Il y a désormais plus d’un quart de siècle que « Code is Law » a été énoncé par le constitutionnaliste Lawrence Lessig : l’idée est que la démocratie serait amenée à intégrer démocratiquement la présence d’algorithmes. Le contexte de l’époque, celui d’un Internet balbutiant et d’algorithmes encore rudimentaires, est si éloigné du nôtre qu’il est raisonnable de se demander s’il s’applique encore aujourd’hui.

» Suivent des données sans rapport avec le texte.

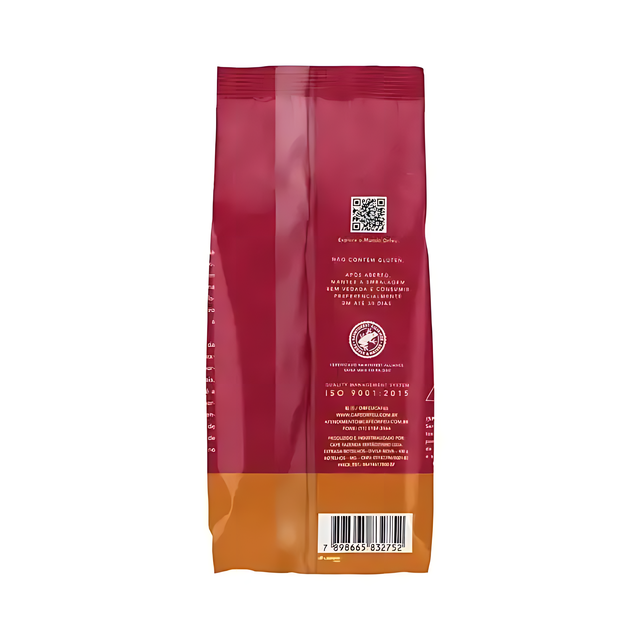 Orfeu Acauã Whole Bean Coffee – The back view of the Orfeu Acauã Whole Bean Coffee packaging. – Buy now at MKPBR.COM – Worldwide Shipping
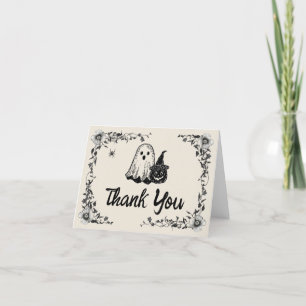 Halloween Gothic Vintage Baby Shower Thank You Card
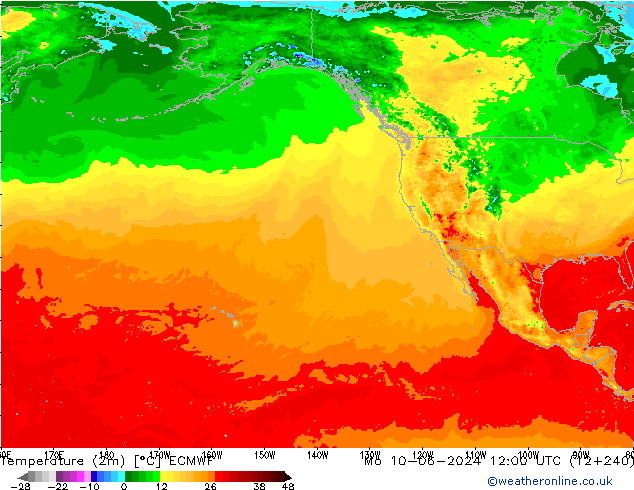 Temperature (2m) ECMWF Mo 10.06.2024 12 UTC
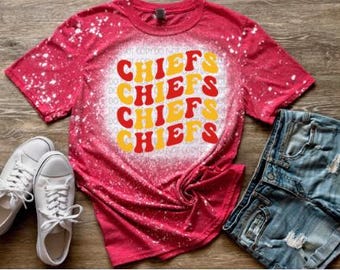 Chiefs KC Football Heather Red Bleached Tshirt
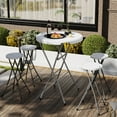 thumbnail image 2 of Outsunny Tabourets de Bar Pliants Extérieurs 29 Pouces Ensemble de 4 avec Poignée, Blanc, 2 of 10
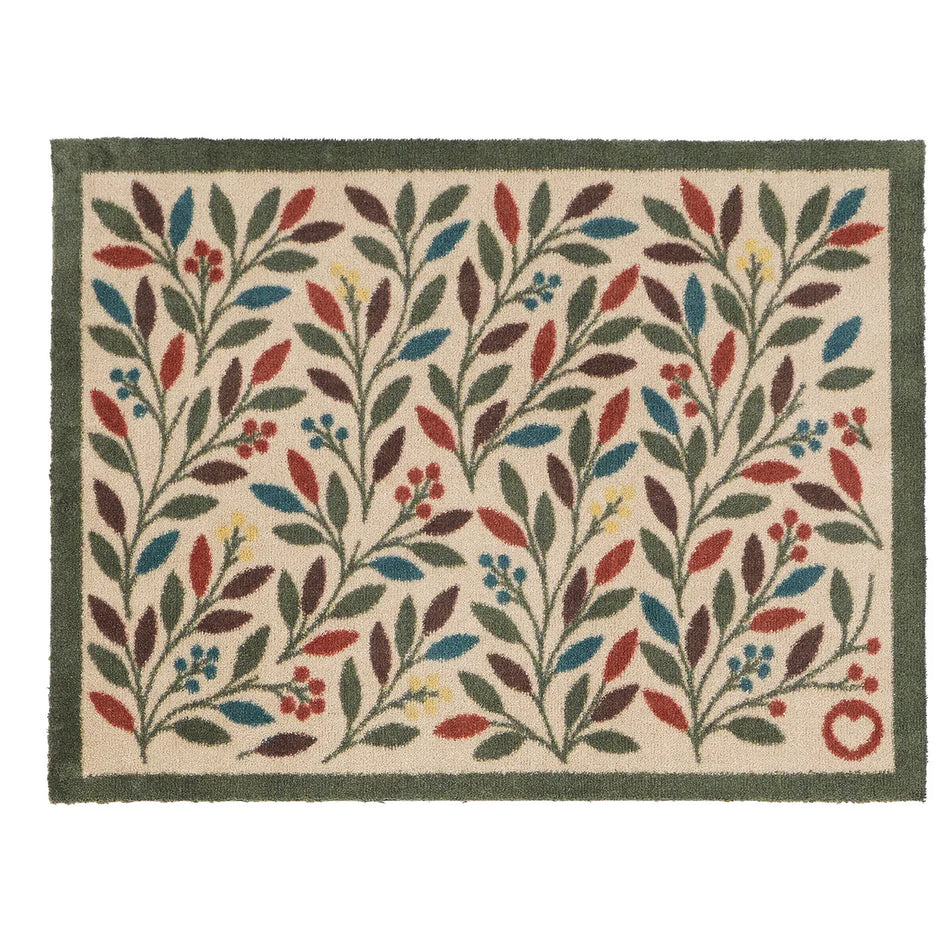 Hug Rug Olive Branch mat full view on floor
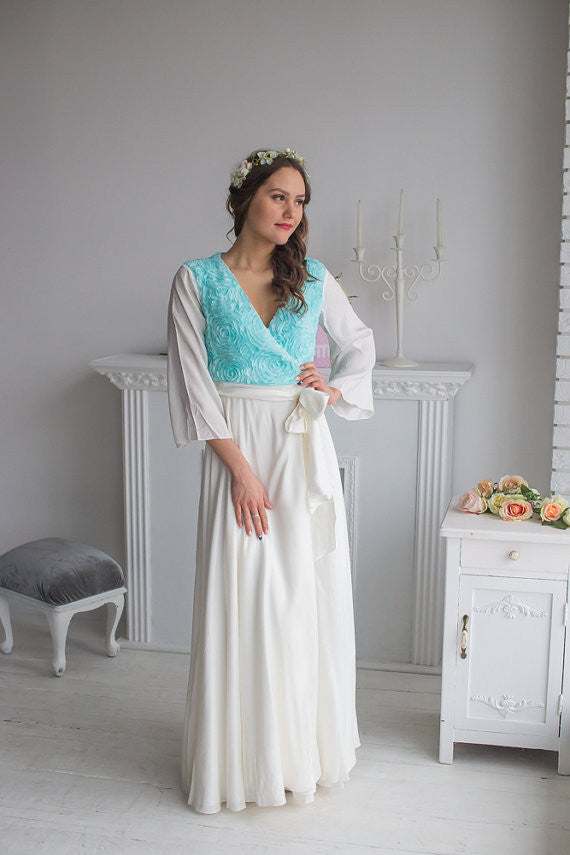 Aqua White Bridal Robe from my Paris Inspirations Collection - Those Roses in Aqua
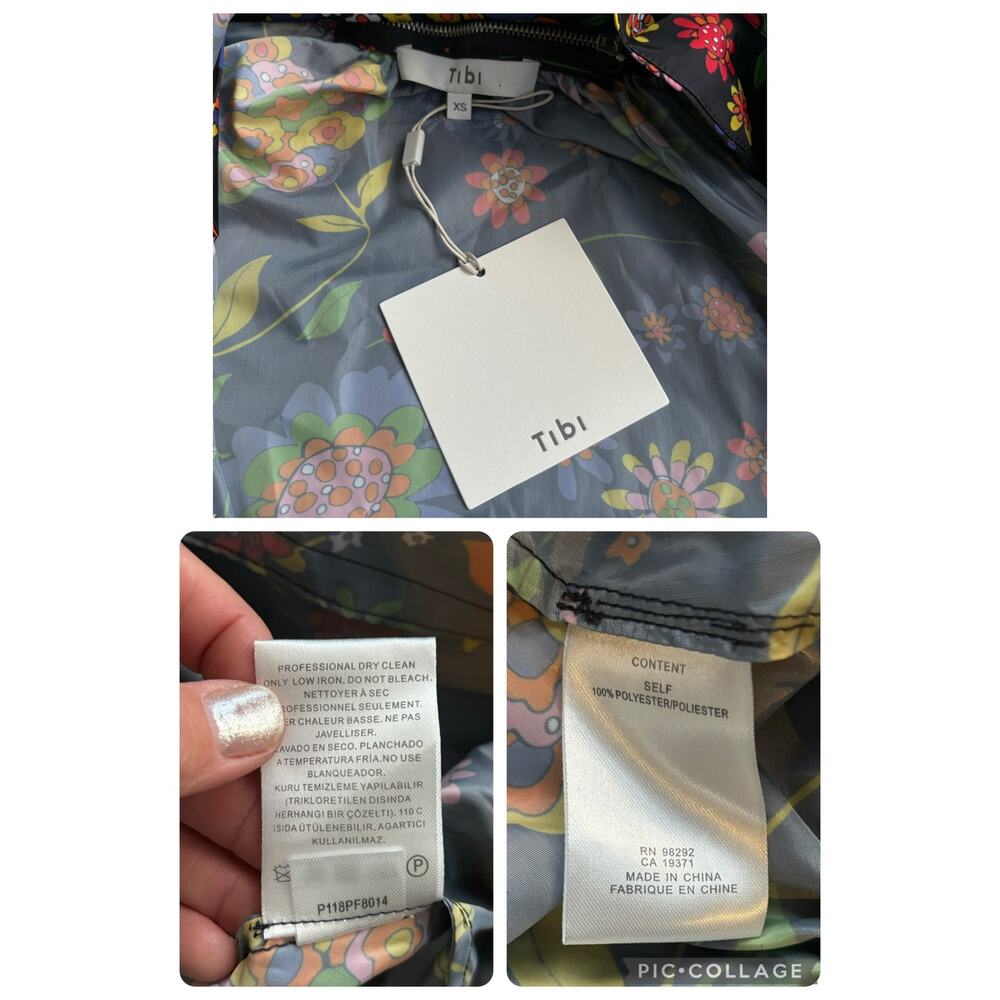 TIBI FLORAL PRINT ANORAK JACKET WITH DETACHABLE HOOD WATER REPELLENT WOMEN SZ L - Picture 14 of 15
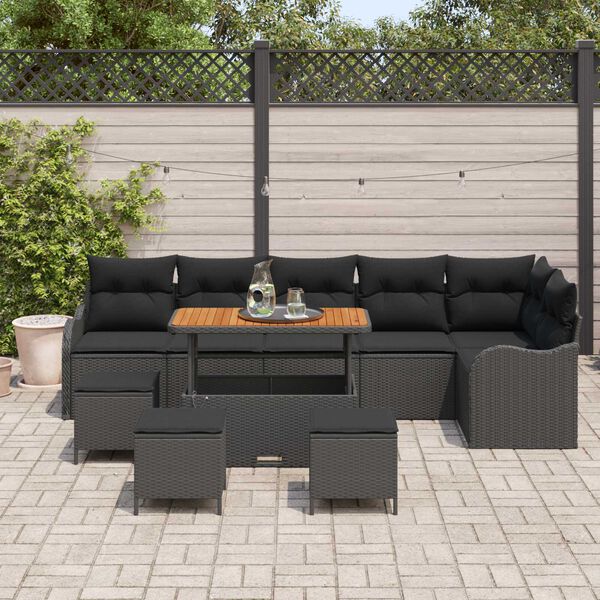 vidaXL Garten-Sofa-Set 10 pcs Schwarz Poly-Rattan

En premier lieu, parce que ceux qui mènent désormais le débat sont les principaux opposants de son auteur d’alors, un démocrate convaincu. Des figures comme Peter Thiel et les penseurs du mouvement LessWrong, bien que leurs motivations diffèrent, convergent souvent vers une vision technocratique où la rationalité algorithmique prime sur la délibération démocratique. Ils rêvent d’une gouvernance optimisée, dépouillée des lenteurs et des imperfections humaines, quitte à sacrifier l’aspiration de la majorité.

Lois auto-exécutables

L’idée de lois auto-exécutables, de votes instantanés et de décisions publiques optimisées par des algorithmes, popularisée notamment par les aspirations décentralisatrices des technologies blockchain (dont Satoshi Nakamoto fut le pionnier avec Bitcoin), est en outre ancienne. Elle promettait à première vue une efficacité accrue, une transparence radicale et une fin de l’arbitraire. Pourtant, cette vision est une méprise fondamentale sur la nature de la démocratie. Elle ignore que la concertation, inévitablement plus lente et parfois chaotique, est intrinsèque à son maintien. C’est dans le frottement des idées, la négociation des compromis et la reconnaissance des dissensus que réside la force d’une société démocratique, bien loin de la binarité implacable du code. La démocratie n’est pas une question d’efficacité, c’est un exercice d’inclusion.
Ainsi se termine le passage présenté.